Draft: Research software licensing guide

A practical guide on why software licenses matter and how to choose one and what practical steps to take

June 21, 2023 - Radovan Bast and Kathleen A. Smart


This is a preliminary draft of a proposed research software licensing guide to be used by researchers at UiT. We are sharing this draft with colleagues and various stakeholders for review and comments. Please send comments, suggestions, and corrections to radovan.bast@uit.no.

This guide is shared under the Creative Commons CC0 waiver.

What is "research software"?

We consider any code, script, notebook, or file, regardless of size, as "research software" if it is needed to generate, visualize, or reproduce data/results that are part of, or will form part of a publication. You don't need to be a "proper software engineer" to produce software. Most research software is not written by "proper software engineers" (whatever that means).

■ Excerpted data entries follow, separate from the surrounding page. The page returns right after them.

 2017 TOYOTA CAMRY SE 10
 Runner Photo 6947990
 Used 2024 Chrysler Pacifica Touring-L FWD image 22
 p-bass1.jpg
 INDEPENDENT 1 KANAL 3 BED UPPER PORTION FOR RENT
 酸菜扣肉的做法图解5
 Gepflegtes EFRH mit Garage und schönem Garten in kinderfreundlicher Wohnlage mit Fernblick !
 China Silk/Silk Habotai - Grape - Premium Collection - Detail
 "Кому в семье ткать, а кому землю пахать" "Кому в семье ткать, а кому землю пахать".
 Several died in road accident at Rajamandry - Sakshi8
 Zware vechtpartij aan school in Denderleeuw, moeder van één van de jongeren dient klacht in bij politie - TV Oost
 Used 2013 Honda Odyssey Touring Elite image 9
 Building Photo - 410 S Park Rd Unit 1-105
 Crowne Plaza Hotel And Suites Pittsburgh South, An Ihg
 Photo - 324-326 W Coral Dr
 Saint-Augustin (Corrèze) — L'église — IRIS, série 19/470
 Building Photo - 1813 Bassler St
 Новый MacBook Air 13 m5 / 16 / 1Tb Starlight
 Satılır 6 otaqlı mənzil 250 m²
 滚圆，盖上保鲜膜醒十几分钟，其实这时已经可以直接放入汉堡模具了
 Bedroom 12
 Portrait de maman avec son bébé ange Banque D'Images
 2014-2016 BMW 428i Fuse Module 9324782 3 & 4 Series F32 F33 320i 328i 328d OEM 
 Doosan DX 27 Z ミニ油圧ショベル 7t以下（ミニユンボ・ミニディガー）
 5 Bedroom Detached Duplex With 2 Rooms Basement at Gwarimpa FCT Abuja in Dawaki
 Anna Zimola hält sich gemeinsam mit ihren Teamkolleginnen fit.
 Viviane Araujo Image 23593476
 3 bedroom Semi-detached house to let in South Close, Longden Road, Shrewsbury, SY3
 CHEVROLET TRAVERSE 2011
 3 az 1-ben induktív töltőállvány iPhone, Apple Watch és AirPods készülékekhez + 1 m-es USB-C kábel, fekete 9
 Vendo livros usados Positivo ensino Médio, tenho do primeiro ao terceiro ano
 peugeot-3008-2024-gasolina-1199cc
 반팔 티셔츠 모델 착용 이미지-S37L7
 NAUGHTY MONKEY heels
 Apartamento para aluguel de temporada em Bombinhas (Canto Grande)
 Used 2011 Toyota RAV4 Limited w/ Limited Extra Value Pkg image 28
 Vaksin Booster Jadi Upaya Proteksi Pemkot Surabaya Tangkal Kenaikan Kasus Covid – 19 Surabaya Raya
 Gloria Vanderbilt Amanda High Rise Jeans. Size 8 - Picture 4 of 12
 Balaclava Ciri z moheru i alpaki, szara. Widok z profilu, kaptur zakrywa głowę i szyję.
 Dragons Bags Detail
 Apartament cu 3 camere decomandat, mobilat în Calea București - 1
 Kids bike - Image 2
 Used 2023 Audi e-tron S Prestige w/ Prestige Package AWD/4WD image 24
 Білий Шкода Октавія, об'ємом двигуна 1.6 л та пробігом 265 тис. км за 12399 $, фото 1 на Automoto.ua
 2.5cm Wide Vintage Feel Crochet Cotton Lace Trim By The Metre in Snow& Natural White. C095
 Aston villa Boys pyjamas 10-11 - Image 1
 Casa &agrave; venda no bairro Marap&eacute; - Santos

Examples of "research software" for the purpose of this guide:

  • Script to convert data from one format to another
  • Script to read data and visualize it
  • Program that generates data
  • Analysis script
  • Set of scripts that form an analysis pipeline
  • Code that is compiled
  • Code that is dynamically interpreted and not compiled
  • Web app

Why software licenses matter

Imagine the following frequent scenario: You find some great code or data that you want to reuse for your own publication. This is good for the original author - you will cite them. Maybe other people who cite you will cite them. You need to modify the code a little bit, or you remix the data a bit. But then, when it comes time to publish, you realize there is no license to the original work. Thus, you can't release the new stuff you made!

Now you have a problem:

  • You manage to publish the paper without the software/data but others cannot build on your software and data and you don't get as many citations as you could.
  • Or, you cannot publish it at all if the journal requires that papers should come with data and software so that they are reproducible.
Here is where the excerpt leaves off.